Data supplied.

◆ ◆ ◆ ◆

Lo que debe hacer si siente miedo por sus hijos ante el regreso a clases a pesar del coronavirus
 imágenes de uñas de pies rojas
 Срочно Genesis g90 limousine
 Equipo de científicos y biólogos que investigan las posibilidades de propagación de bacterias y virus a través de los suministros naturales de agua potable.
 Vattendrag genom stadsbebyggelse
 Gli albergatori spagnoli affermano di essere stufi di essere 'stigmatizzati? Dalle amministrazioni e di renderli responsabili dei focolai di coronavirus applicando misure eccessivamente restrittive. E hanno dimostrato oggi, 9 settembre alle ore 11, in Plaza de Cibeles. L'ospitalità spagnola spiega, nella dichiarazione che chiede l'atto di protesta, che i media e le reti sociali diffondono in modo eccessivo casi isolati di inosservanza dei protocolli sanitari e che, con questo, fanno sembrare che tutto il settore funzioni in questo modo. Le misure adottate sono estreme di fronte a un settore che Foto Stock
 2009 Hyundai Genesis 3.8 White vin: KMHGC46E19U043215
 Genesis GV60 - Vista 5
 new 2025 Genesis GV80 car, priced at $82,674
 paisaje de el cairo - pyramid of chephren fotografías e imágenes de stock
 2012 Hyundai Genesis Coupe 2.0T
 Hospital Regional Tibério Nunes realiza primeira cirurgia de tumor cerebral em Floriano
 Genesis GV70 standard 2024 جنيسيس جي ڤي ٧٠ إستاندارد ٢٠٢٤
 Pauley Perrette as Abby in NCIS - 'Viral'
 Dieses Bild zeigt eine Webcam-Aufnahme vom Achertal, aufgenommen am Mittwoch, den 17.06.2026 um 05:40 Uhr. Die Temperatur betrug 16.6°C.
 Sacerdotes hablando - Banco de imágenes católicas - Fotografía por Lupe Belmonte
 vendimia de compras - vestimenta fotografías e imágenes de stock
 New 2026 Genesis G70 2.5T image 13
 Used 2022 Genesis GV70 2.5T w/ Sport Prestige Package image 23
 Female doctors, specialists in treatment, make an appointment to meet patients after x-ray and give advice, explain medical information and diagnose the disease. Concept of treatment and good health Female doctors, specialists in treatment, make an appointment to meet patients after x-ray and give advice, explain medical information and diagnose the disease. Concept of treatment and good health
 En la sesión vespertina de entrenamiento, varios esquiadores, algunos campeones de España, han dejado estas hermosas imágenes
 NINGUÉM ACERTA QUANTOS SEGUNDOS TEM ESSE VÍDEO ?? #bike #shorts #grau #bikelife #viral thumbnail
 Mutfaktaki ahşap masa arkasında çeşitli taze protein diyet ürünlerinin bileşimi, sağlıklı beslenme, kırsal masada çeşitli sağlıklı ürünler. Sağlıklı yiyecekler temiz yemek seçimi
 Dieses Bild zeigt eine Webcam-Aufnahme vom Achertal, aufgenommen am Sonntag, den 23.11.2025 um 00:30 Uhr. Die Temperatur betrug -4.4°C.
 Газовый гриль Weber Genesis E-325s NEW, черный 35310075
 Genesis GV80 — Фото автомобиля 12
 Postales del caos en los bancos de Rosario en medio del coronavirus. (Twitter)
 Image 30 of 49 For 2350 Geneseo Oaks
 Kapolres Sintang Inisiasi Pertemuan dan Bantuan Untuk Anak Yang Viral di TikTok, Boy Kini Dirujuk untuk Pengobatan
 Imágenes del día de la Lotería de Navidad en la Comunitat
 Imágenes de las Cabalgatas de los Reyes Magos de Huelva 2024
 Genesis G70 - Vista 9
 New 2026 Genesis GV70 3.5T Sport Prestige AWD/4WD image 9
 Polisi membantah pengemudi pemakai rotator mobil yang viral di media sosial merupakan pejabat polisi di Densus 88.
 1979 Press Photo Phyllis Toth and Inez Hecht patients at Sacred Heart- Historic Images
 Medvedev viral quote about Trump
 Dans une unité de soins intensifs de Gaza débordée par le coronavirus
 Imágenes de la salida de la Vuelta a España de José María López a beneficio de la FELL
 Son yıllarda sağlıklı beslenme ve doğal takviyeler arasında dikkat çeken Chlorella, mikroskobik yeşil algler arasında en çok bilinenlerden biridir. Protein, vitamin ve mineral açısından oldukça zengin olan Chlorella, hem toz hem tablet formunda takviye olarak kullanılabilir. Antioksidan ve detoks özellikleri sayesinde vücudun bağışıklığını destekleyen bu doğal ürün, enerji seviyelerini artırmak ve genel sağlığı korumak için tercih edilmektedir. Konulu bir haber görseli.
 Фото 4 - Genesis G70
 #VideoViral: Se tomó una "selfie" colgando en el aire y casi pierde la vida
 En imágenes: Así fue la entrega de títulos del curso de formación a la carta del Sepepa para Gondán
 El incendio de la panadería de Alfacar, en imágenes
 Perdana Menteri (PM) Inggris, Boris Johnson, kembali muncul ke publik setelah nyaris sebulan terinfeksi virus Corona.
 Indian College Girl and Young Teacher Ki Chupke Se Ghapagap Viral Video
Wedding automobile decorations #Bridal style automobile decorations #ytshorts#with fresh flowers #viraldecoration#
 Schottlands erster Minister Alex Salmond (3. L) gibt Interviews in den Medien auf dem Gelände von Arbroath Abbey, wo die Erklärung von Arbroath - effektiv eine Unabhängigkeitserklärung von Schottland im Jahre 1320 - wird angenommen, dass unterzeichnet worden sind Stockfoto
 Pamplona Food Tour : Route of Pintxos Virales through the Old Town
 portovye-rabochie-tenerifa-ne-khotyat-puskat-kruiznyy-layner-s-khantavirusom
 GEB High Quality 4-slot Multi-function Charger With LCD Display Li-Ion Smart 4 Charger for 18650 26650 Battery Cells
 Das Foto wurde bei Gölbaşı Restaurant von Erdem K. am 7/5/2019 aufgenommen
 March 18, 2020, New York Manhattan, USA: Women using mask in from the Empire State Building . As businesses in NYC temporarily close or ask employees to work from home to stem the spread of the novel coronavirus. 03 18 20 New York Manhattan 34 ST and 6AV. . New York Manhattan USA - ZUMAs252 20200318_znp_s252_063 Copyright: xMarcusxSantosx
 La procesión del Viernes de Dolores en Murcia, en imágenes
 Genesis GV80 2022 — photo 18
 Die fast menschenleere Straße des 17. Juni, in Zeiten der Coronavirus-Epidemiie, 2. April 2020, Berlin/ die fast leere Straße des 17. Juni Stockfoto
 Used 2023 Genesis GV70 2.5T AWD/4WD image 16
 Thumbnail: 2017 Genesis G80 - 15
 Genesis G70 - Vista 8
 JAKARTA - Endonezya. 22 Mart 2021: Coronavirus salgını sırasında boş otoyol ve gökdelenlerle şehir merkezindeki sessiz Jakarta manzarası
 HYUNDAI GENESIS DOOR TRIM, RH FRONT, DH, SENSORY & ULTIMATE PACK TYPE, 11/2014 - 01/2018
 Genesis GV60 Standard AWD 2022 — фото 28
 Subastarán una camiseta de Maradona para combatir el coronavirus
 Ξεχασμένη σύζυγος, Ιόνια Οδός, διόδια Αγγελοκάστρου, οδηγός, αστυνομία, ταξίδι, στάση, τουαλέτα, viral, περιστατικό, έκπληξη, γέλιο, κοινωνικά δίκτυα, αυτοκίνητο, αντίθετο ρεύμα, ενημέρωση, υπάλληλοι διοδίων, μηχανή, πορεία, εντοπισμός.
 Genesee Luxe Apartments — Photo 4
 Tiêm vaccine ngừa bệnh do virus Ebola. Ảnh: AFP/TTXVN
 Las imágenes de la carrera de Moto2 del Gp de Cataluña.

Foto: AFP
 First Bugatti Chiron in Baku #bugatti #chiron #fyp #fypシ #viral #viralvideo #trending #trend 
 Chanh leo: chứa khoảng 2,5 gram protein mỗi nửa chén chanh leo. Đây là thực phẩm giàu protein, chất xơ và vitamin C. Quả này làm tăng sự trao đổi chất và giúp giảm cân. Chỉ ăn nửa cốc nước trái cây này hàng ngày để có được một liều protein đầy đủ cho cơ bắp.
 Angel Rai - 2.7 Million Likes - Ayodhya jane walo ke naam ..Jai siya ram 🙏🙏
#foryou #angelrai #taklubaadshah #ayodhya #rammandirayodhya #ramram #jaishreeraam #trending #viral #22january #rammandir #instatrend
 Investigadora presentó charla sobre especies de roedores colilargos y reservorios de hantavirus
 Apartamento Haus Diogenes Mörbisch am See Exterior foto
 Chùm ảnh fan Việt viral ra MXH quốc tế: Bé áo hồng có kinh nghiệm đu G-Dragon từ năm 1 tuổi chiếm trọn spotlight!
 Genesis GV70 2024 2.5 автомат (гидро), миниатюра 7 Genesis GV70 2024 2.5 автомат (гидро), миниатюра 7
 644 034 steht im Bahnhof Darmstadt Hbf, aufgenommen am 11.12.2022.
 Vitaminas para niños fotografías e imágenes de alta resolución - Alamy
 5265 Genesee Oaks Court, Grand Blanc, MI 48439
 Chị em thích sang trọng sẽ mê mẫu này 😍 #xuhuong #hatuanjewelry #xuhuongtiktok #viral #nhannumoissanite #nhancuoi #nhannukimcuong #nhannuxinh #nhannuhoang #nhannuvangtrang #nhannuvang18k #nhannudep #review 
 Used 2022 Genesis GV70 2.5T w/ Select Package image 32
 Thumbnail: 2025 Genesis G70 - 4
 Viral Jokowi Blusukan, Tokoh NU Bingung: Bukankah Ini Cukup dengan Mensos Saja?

◆ ◆ ◆ ◆

Problem to work on. Give back exactly what runs from the first line of the listing above to the line that contains "new 2025 Genesis GV80 car, priced at $82,674", keeping both end lines.

Solution.
Lo que debe hacer si siente miedo por sus hijos ante el regreso a clases a pesar del coronavirus
 imágenes de uñas de pies rojas
 Срочно Genesis g90 limousine
 Equipo de científicos y biólogos que investigan las posibilidades de propagación de bacterias y virus a través de los suministros naturales de agua potable.
 Vattendrag genom stadsbebyggelse
 Gli albergatori spagnoli affermano di essere stufi di essere 'stigmatizzati? Dalle amministrazioni e di renderli responsabili dei focolai di coronavirus applicando misure eccessivamente restrittive. E hanno dimostrato oggi, 9 settembre alle ore 11, in Plaza de Cibeles. L'ospitalità spagnola spiega, nella dichiarazione che chiede l'atto di protesta, che i media e le reti sociali diffondono in modo eccessivo casi isolati di inosservanza dei protocolli sanitari e che, con questo, fanno sembrare che tutto il settore funzioni in questo modo. Le misure adottate sono estreme di fronte a un settore che Foto Stock
 2009 Hyundai Genesis 3.8 White vin: KMHGC46E19U043215
 Genesis GV60 - Vista 5
 new 2025 Genesis GV80 car, priced at $82,674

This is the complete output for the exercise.